Population stratification of genomic variations is implicated in the polymorphic genotype variants as well as the number of variants among 26 geographic populations of the world, suggesting the presence of systematic difference in the variant alleles between the subpopulations in the human population, possibly due to different ancestry (21). To minimize the effect of such stratification in our study, we selected our study samples under the following four considerations. (i) We selected only the samples self-reported as white under the race classification category in TCGA, which account for the majority of TCGA data. (ii) Since self-reporting of race classification is not always reliable, we used PCA on all samples of the white population and removed about 14% of the samples as “outliers” (Fig.
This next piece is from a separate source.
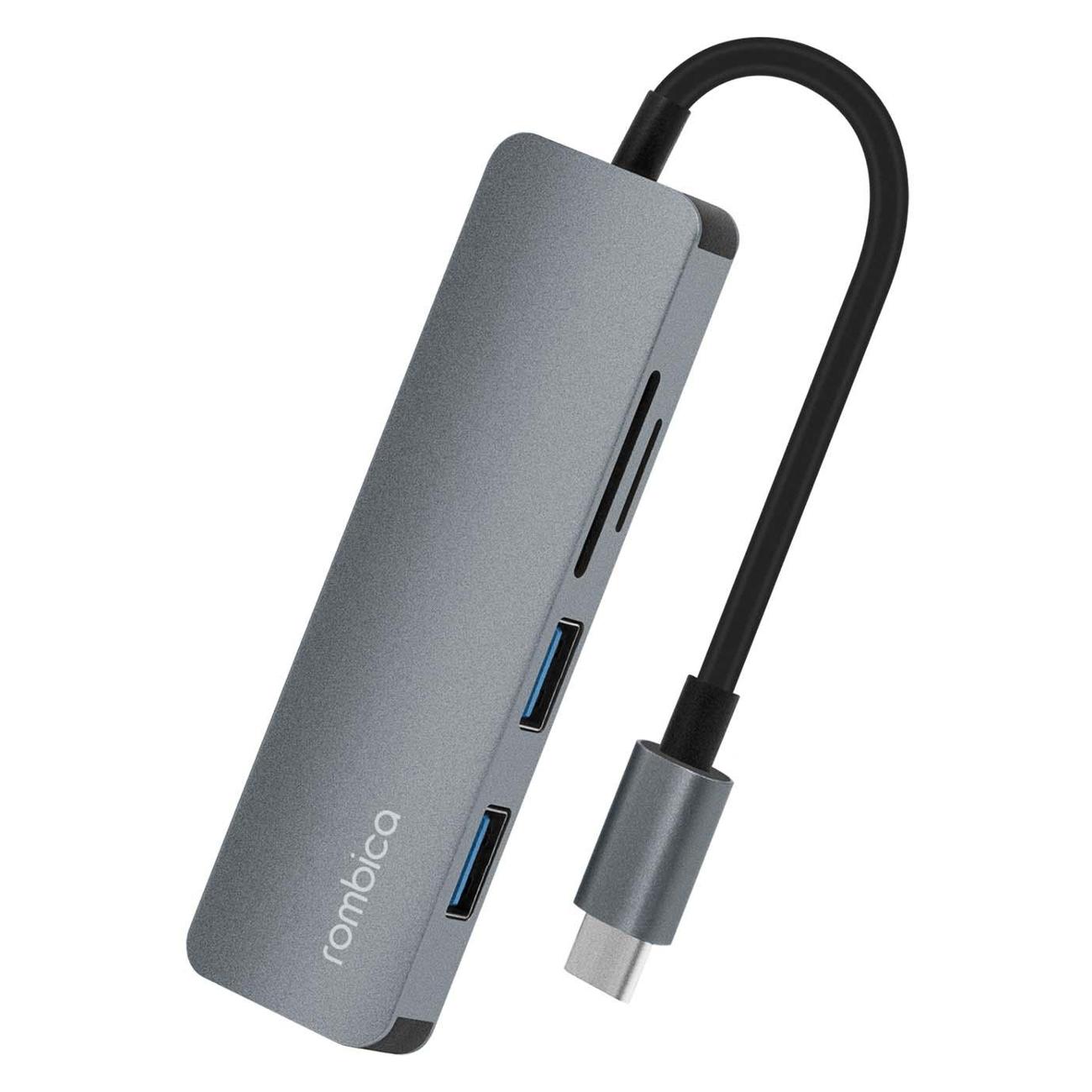 Разветвитель для компьютера Rombica Type-C Foris ТС-00268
S5 A and B). (iii) The PCA-selected samples (86%) were subjected to a second PCA to see if there is any significant correlation between geographical populations and cancer types. Comparison in Fig. S5 C and D shows that the geographical populations segregate reasonably well by the second PCA (Fig. S5C), but cohorts of different phenotypes do not cluster but are distributed broadly on the same PCA plot space (Fig. S5D): two different coloring schemes (for geographical groups and cancer phenotype groups) show no significant correlation between ethnic group identity and the 21 phenotypes as revealed by the distinctly different distribution pattern of each population as well as the positions of the medians of the groups of phenotypes and those of ethnic groups. (iv) Finally, we optimized the parameters of the descriptor, SNP-Ss of individual genomic variations, that provides the description of the variation sensitive to the cancer type but not any other factors, such as ancestry, geography, etc. (see Parameter Optimization). Similar types of analysis can be easily performed after a large body of genomic variation data becomes available for any ethnic/geographic population or a collection of related such populations.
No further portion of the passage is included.